— PROBLEM REQUIREMENTS —
The records below hold a stretch from the line with "Iceberg IcebergxSnoopy jean" through the line with "Pablo Tomeo debutó"; return exactly those lines, ends included, and nothing more.

[Scraped caption text data]
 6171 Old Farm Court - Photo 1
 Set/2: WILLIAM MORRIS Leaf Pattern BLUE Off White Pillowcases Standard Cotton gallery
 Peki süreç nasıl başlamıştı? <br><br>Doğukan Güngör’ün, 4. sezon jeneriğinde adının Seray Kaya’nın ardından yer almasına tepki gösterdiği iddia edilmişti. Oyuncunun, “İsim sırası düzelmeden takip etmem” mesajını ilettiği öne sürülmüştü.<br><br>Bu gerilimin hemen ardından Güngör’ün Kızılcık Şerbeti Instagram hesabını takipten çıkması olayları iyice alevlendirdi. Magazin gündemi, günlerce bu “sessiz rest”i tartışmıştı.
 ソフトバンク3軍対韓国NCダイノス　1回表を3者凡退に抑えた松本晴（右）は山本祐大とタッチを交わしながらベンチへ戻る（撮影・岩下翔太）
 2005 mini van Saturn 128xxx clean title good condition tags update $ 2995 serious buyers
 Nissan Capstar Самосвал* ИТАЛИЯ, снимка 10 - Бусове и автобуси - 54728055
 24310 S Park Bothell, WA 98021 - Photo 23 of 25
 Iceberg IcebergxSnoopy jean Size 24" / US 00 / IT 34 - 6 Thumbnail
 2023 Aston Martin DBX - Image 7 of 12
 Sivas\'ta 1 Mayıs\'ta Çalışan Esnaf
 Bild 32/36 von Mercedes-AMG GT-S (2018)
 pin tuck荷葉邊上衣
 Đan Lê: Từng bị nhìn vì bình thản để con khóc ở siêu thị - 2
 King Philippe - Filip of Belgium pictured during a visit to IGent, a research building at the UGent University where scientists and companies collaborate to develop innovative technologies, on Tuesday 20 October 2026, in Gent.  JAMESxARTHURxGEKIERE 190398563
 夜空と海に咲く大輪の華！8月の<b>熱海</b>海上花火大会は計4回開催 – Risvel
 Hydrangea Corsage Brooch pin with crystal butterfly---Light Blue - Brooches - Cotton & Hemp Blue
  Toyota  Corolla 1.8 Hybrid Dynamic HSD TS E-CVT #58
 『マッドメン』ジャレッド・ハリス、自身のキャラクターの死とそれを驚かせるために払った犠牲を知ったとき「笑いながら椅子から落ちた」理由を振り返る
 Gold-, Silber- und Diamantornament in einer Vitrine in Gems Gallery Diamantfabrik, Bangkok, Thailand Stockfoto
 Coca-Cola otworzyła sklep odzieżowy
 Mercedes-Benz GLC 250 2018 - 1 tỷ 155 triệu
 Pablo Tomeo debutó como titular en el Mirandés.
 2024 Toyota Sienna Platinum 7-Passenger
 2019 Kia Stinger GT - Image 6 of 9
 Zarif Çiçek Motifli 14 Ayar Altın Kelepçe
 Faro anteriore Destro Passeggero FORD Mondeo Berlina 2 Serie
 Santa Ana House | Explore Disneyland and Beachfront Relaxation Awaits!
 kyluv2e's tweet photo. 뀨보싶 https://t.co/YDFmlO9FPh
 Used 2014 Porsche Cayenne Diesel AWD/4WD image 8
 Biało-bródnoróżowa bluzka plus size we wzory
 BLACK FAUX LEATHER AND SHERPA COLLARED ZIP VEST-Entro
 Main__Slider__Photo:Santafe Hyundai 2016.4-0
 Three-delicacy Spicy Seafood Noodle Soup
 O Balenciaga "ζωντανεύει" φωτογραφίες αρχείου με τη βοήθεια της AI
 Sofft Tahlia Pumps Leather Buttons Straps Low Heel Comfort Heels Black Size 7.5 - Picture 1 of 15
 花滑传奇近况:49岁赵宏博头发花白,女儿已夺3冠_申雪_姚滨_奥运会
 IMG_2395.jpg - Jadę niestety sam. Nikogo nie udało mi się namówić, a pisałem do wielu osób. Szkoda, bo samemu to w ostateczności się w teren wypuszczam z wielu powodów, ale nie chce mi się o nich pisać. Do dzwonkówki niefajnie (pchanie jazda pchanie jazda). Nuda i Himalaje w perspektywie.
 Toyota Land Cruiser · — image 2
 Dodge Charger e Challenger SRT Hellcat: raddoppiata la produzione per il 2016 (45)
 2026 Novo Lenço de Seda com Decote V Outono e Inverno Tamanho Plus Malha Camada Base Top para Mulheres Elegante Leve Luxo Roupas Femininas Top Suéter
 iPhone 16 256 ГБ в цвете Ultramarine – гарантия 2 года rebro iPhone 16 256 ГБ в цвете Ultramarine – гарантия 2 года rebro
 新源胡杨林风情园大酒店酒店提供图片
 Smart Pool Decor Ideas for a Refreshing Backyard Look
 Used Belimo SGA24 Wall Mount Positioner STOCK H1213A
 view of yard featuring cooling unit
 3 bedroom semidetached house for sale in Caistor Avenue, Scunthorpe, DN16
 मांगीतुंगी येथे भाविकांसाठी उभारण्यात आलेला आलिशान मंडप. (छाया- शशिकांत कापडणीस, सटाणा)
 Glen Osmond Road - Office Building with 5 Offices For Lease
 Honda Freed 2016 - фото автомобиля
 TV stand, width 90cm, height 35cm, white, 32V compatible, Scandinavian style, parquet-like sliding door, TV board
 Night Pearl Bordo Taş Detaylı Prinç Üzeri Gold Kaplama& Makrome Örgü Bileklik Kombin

— TASK RESULT —
 Iceberg IcebergxSnoopy jean Size 24" / US 00 / IT 34 - 6 Thumbnail
 2023 Aston Martin DBX - Image 7 of 12
 Sivas\'ta 1 Mayıs\'ta Çalışan Esnaf
 Bild 32/36 von Mercedes-AMG GT-S (2018)
 pin tuck荷葉邊上衣
 Đan Lê: Từng bị nhìn vì bình thản để con khóc ở siêu thị - 2
 King Philippe - Filip of Belgium pictured during a visit to IGent, a research building at the UGent University where scientists and companies collaborate to develop innovative technologies, on Tuesday 20 October 2026, in Gent.  JAMESxARTHURxGEKIERE 190398563
 夜空と海に咲く大輪の華！8月の<b>熱海</b>海上花火大会は計4回開催 – Risvel
 Hydrangea Corsage Brooch pin with crystal butterfly---Light Blue - Brooches - Cotton & Hemp Blue
  Toyota  Corolla 1.8 Hybrid Dynamic HSD TS E-CVT #58
 『マッドメン』ジャレッド・ハリス、自身のキャラクターの死とそれを驚かせるために払った犠牲を知ったとき「笑いながら椅子から落ちた」理由を振り返る
 Gold-, Silber- und Diamantornament in einer Vitrine in Gems Gallery Diamantfabrik, Bangkok, Thailand Stockfoto
 Coca-Cola otworzyła sklep odzieżowy
 Mercedes-Benz GLC 250 2018 - 1 tỷ 155 triệu
 Pablo Tomeo debutó como titular en el Mirandés.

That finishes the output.